I suspect that 1 in 96 figure is mostly people who have uMatrix or NoScript installed, not people who have disabled JavaScript entirely. A little judicious blocking can greatly improve browsing experience at the cost of having to set up rules for sites when you first visit them sometimes. It can be a real hassle when someone has embedded a video you want to watch and there are like 8 layers of embedded scripts from different domains necessary before you get to the actual video content.


The math is $500 expense today for the test code. $0.01 each time the test runs and +$ for each client acquired. At $20/mo MRR it's 3 clients/year. Easily pays for itself.


gmail works without JS too . I use it routinely with w3m


The sad reality is that many of these actual applications load faster than pages that could really just be pages but still load vast amounts of JS...


Static website generators in contexts where they make sense (heaps of the web) are still criminally underused. :-(


Yes.

Probably because people who create "real apps" and not just "docs on steroids" know what they're in for right from the start.

If you start with a doc, you can get the feeling that there is much more headroom than there actually is.


Everyone lives in its own bubble. Among websites that I routinely visit, only Youtube could be counted as web application, but I'd argue that its main function could be simplified to a <video> tag.


GitHub fits the document model pretty well in my opinion.


And the one that doesn't require JS in that list.

Bad example, I give you that.


Gmail also has a perfectly working non-javscript interface. Or you can just use pop3 or imap with a real client and avoid the web crap all together.


I'd argue that gmail without js is an application made to act like a document when it just isn't.


> Or you can just use pop3 or imap

This is my choice, except that periodically I have to go back to the web interface because searching over IMAP barely works at all.

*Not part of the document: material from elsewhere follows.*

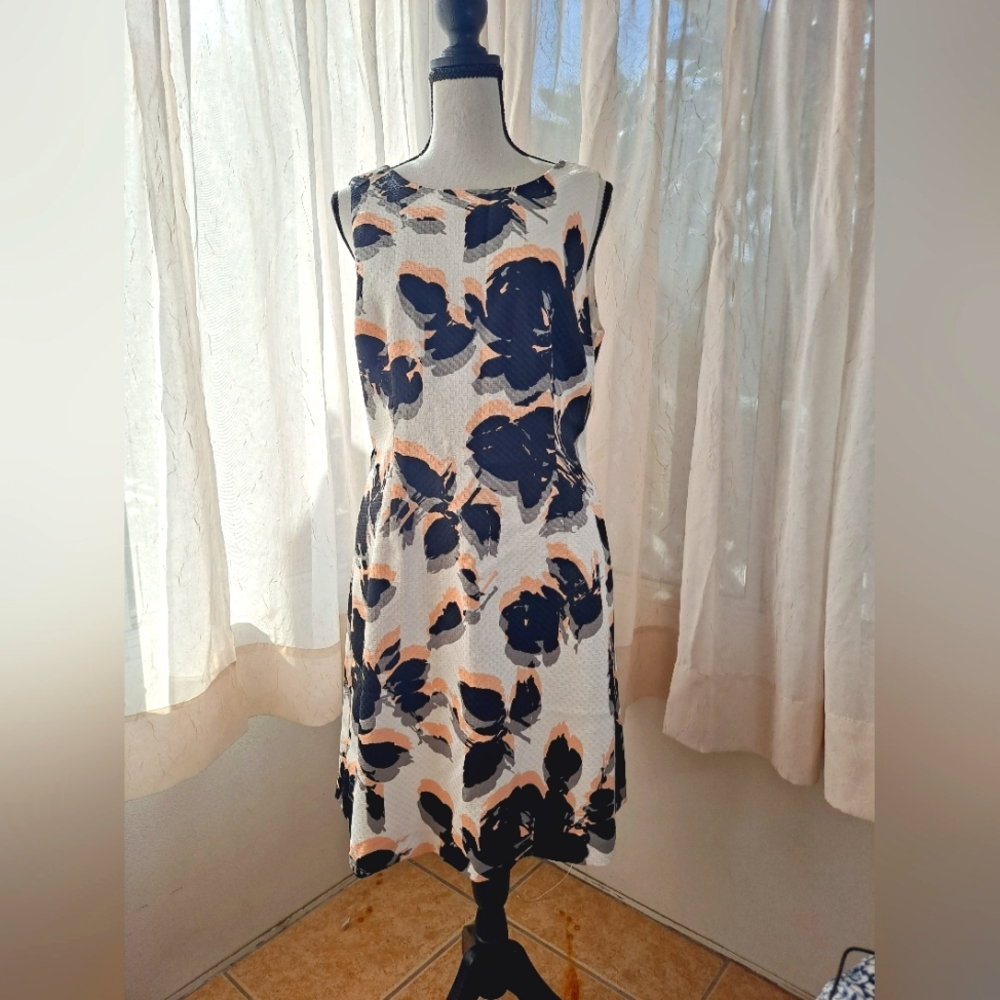 Worthington Floral Sleeveless Dress Black/Coral and White. Size 10. Worn once. - Picture 1 of 6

Maybe it's not even implemented and I'm only really searching downloaded mail, I'm not sure.


The imap interface will also never deliver any of the mail that gmail mailservers accept but then tag spam. That's pretty much mail from any independent mailserver that's not some megacorp or spamming so much that they can use google's postmaster tools to get approved because they spam so much.


I miss the 90s where HTML pages just contained just super informative text and a bunch of links to other super informative text. Flash was fun for a while with some nice animations and interactivity, then the JS themes took over, they were double edged swords - they enabled us to do things previously we would need separate installable desktop applications for (Email, Powerpoint, etc.) on the browser itself, but it also enabled every newbie hipster to push these tools for everyday pages, the value of the informative plain text was eroded in just under a decade and replaced with subscription popups, with shallow titled articles like "4 ways you can do X..by the way give me your email so I can spam you"

I miss the marquee era, truly.


Absolutely. Last night I had the misfortune of experiencing a comcast outage. Although I live in the city, my neighborhood has horrible cellular coverage. Comcast serves their outage data through their account management portal which happens to be a massive, bloated, slow javascript app. It took minutes to load on my phone to find out if there was an outage.

All of this for something that should be no more complicated than entering a zip code and getting back a small page with information about whether or not there is an outage.


I ran into the same problem last week. Customer service portals are rarely given priority when resources are allocated, but it's pretty astonishing just how slow such a critical service portal loads over mobile tethering, given that is going to be a primary usecase. I'm practically counting down the days until this summer when a new fiber ISP rollout is supposed to reach me.


I am sorry to say but this is an overly simplistic answer. We've had Javascript since 1995. We've been building great applications with it as early as the 2000s, Yahoo being on the forefront. We had complex charting applications and dashboards in an era where JavaScript was still interpreted by the latest cutting edge browser: Internet Explorer 6. This was also a time of much slower internet speeds across the board.

Bad software development slows the web down. The web, for what it is and does, is an incredibly fast network. The problem is people no longer care about performance, nor do you have the engineering talent to write performant web applications. Yes some of this can be boiled down to companies not prioritizing performance, and product managers pushing for more features and tracking, but we've always had these constraints, and tight deadlines, and seemed to deliver just fine. It was part of the expectations.

Our craft is degrading, I hate to say. We've allowed the vocal minority who were shouting "gatekeepers!" to water down the discipline of software development to the point where yes, you install a single npm dependency so you can reverse your array.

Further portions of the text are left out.